From start to finish, the evolution of the “jetty ramp” has been a volunteer effort. That continues to be true as skaters and their supporters work to refurbish the popular recreational spot.

Anyone driving by Surfer’s Beach in El Granada will notice a different yet familiar feature in the dirt parking lot. A new half-pipe, paid for by the Granada Community Services District and assembled by volunteers starting last week, is nearly ready for use.

On Aug. 15, the community services district board unanimously agreed to allow the ramp to be moved onto district property, 50 feet from its original Burnham Strip location, so long as the budget did not exceed $10,000. But upon inspection, the ramp was deemed too costly to fix and relocate. So, the district decided to use the money on materials, allowing volunteers to build a new half-pipe so long as it was the same size as the original. 

Volunteers agreed and then got to work. They dismantled the old ramp and cleaned up the garbage in the surrounding area. 

The construction is being organized by Scott Menary, of Brothers Builders, and Erik Upvall. They’ve worked 12-hour days in the lot to get the halfpipe operational. They did not get underway until the last week of October as they needed to organize their building plan.

The new structure rose out of months of speculation about the fate of the old skate facility. The first halfpipe was built on the Burnham Strip in 2011, on adjacent Caltrans property, by a group of local volunteers without a permit or permission. Earlier this year, community members heard the popular facility was at risk of being demolished by Caltrans if it was not removed from its property. They immediately reached out to the GCSD. 
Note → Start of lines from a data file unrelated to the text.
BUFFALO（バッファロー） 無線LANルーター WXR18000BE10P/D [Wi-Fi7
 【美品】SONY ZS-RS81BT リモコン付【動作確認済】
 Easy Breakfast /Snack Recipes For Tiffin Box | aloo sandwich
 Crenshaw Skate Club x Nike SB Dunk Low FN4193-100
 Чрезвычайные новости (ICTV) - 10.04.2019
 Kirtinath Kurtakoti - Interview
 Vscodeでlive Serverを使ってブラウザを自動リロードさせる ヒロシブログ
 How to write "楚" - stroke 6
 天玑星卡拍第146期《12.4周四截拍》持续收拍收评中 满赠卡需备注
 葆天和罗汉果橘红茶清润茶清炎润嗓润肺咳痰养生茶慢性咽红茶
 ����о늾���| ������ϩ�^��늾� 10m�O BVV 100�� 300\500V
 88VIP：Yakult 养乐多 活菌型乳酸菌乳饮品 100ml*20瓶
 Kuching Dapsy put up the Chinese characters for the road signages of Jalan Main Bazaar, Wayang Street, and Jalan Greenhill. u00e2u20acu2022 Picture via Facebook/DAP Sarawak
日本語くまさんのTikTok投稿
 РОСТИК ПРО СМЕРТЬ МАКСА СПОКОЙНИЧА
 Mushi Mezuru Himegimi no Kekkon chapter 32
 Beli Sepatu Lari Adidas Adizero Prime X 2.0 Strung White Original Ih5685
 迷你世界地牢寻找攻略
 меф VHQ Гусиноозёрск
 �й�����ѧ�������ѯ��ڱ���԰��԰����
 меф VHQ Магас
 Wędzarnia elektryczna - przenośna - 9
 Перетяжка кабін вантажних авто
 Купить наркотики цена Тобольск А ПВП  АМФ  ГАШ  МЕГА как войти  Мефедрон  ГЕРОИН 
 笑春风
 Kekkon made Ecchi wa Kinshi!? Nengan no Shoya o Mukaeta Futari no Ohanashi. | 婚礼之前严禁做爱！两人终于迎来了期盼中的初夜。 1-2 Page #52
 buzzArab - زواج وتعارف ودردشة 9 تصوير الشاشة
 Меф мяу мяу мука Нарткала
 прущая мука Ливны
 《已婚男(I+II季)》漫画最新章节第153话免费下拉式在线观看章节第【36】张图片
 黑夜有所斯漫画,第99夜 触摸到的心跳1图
Board president Matthew Clark said the district’s May meeting, that drew more than 50 attendees, was likely its largest turnout ever for a GCSD meeting. Clark said the board was receptive to saving the half-pipe when the community came forward.

Steve Hawk, who sits on the Board of the Tony Hawk Foundation, which builds skateparks across the country, helped create so others could join the movement online. Hawk said there were more than 150 people signed on, and while most were not skaters themselves, they still saw the ramp as a valuable part of the community.

“To me, that was an indication of a silent, not majority, but up till now relatively unknown, community of skateboarders and their families who really liked the idea of having a permanent skate facility in El Granada,” Hawk said. 

Barbara Dye, the board’s vice president, said the local community and the board worked together to make sure the half-pipe was not lost for good. 

“We wanted to make sure what ended up on our property was properly constructed and safe,” Dye said. “All that stuff that happened behind the scenes, the skateboarding community was pretty clear that they would make this happen if we supported moving it.”